Hacker News new | past | comments | ask | show | jobs | submit login
Ask HN: How does a beginner best spend one week of learning machine learning?
107 points by mrborgen on April 24, 2015 | hide | past | favorite | 35 comments
I'll spend all my time next week studying machine learning. However, I know that it's easy to get lost in overly theoretical material when learning ML.

So I'm interested in some advice on how to best spend my time, given that I'd like to get as much practical knowledge as possible.

Here is the level I'm at now:

I'm currently halfways though Andrew Ng's ML course on Coursera, and will probably finish this within the week. I love the mix of theory an practice this course is based around.

I've also done the Udacity - Intro to Machine Learning, but found it too theoretical.

I kind of understand the basic principles of linear & logistic regression, cost functions and gradient descent & the normal equation.

By the end of the week, I hope to be able to do linear regression using gradient descent on an actual dataset. If so, the week has been very well spent!

My preferred language is Python.

All tips and suggestions are highly appreciated :)

I think you're in a position to learn a lot in a week. My advice would be to create a simple data set and go through what you learned in Andrew Ng's course with scikit-learn (even better, since you already prefer Python).


Much of what you learn in Ng's course is how to implement these algorithms - there's less (no?) emphasis on using existing libraries in R or Python. I think that implementing your own code base for logistic regression, neural net, random forest, and so forth is an extremely valuable exercise, but I'd recommend you put that aside just for the moment. Instead, try using some of the existing libraries.

For instance, use scikit-learn's logistic regression, neural net, and random forest (not covered in Ng's class) libraries to do a classification. You don't want to use these with no understanding of how they work, but you've done the coursera, so see if you can use your knowledge of how these algorithms differ to create dataset that will highlight the benefits each approach (i.e.., can you create a dataset that works great for logistic regression but poorly for neural nets, or random forest?) Think about how you'd use an unsupervised approach to classification, and run it through k-means. I really think that applying different techniques to the same dataset, on a high level, combined with general knowledge of what's going on under the hood, can be a great way to understand how/when to use these algorithms.

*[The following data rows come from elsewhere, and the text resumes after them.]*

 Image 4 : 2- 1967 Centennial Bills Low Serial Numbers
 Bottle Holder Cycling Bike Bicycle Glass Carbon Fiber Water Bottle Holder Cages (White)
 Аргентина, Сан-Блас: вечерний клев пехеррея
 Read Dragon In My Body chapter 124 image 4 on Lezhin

Thanks a lot for all the advise! Using a library at first seems like a good idea. And then go deeper into the material as I learn the the practicalities, rather than doing it the other way around.

Honestly, with only a week you can't really learn a lot so I'd recommend doing something practical. See the canonical answer here:


Go to Kaggle and do one of the competitions.

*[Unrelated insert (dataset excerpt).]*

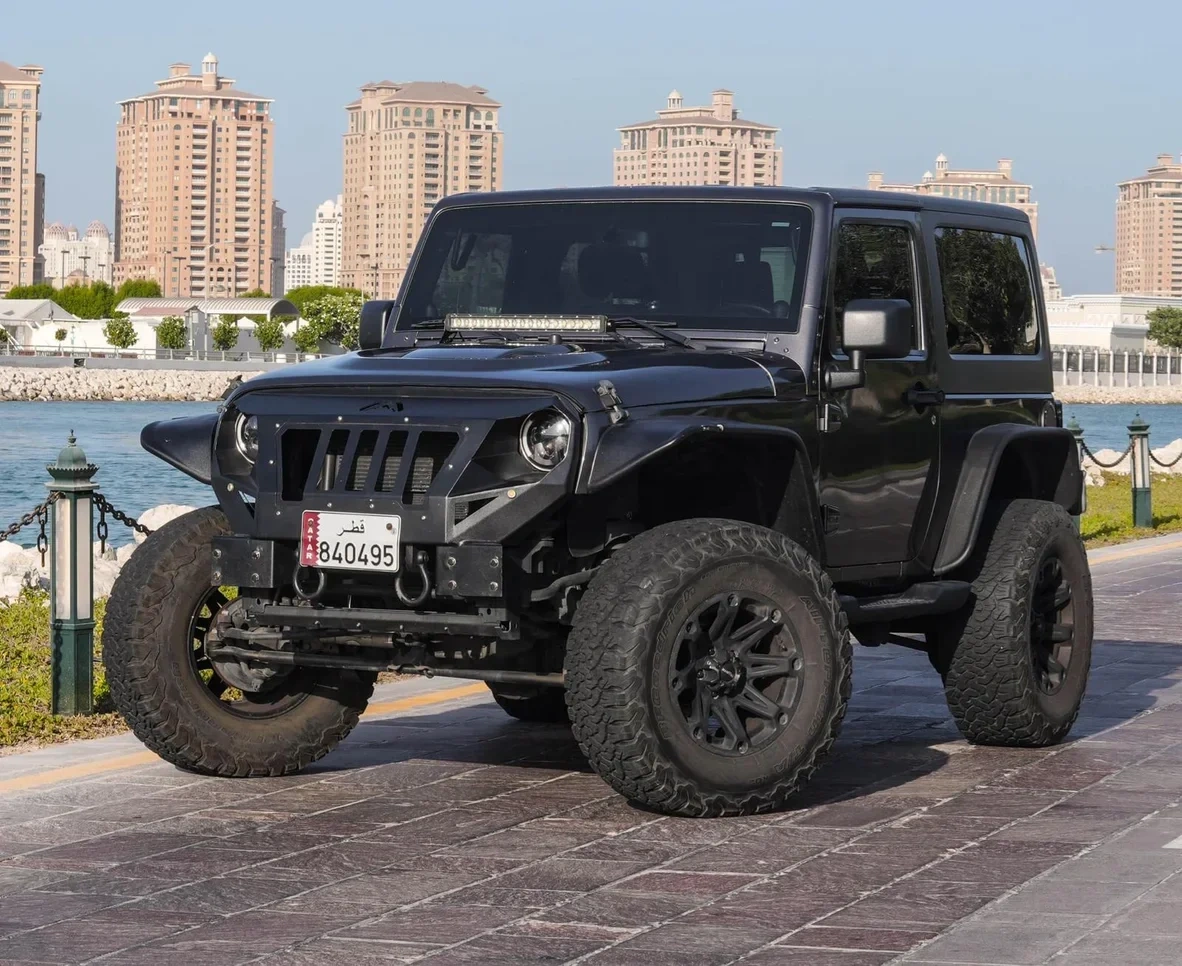 Jeep Wrangler 2015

and reference the wiki for help:


In my opinion, the only way to learn machine learning without a strong foundation is to page in learning. That means you'll need to pick a practical task and just jump into it and find out what you don't know.

If you've never done anything practical, great you'll need to learn about the basic data structures of machine learning.

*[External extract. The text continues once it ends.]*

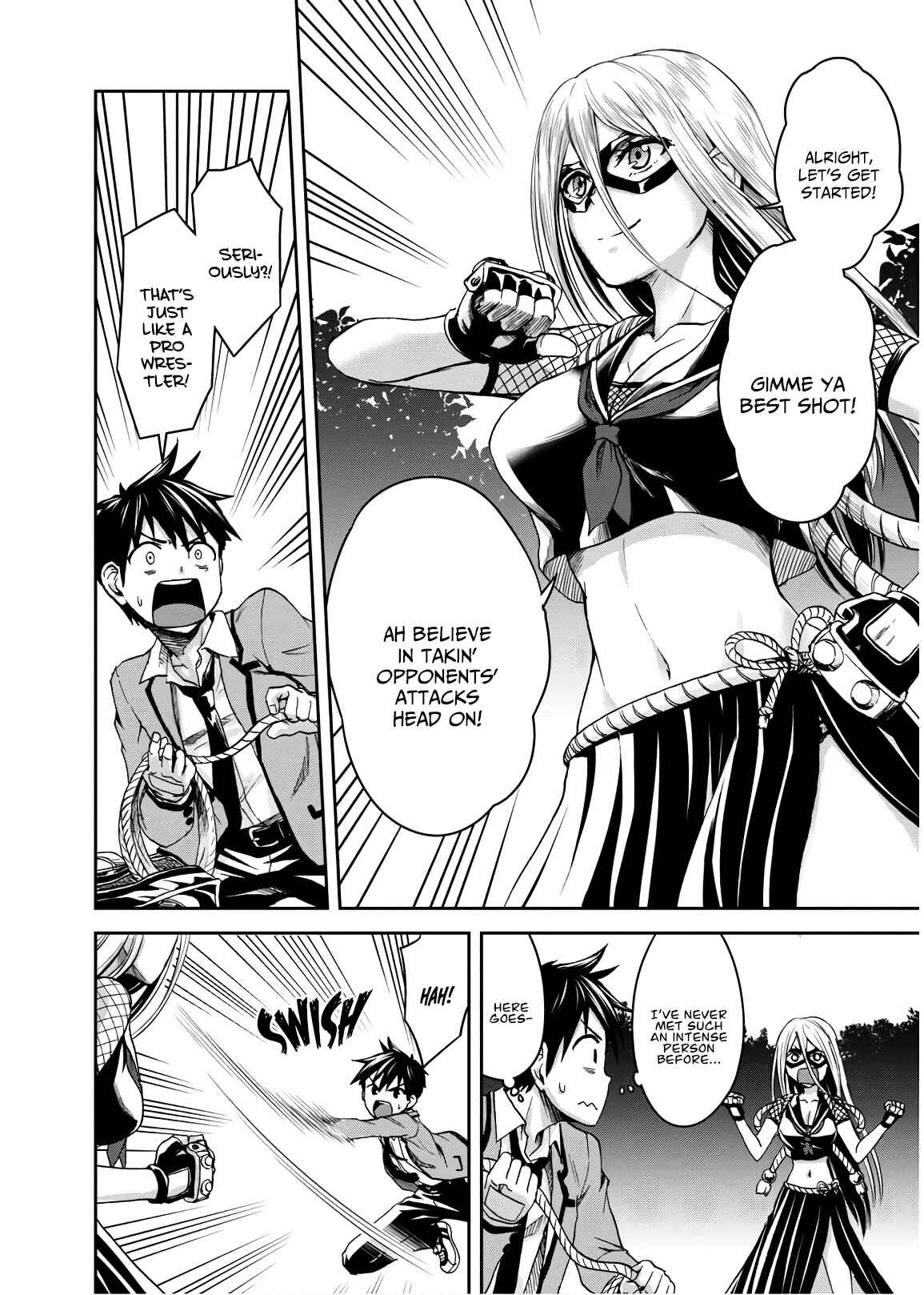 Page 26 Chapter 6 Ninja Tensei Shinobi Kill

Find out what a data frame is, what time series analysis is and what data structures you need to do it.

Are you going to do classification or prediction? Pick one and learn some of the basic tools used for it.

I second using kaggle. They have a lot of 'competitions' that are really just learning exercises with a lot of information about the techniques used directly linked to the competition.

Thanks for the tips!

I'm considering to use a dataset Bank of England has about households in England. As far as I understand, the data can be used for both prediction and classification. It has quite a lot of different features.

Which one would you recommend to start with, in general?

I signed up to HN just to reply. I suggest doing the MNIST dataset. The features are really simple (greyscale pixel values) yet it works very well. You can also play with different classifiers to see how they behave (training time and classification performance).

This will let you setup a whole pipeline from feature selection (in this case just normalise, you can try 0 to 1 or -1 to 1 or subtract mean then divide by stddev, or don't normalize and see what happens) to training the model and evaluating its performance with cross validation. Then you can check your CV results by submitting to the leaderboard.

I took Andrew Ng's ML course then played with the MNIST dataset. I learnt heaps by doing this. Then I got carried away competing in real competitions. :) That's where more advanced feature selection came into play as well as making sure your CV split is representative of the test split.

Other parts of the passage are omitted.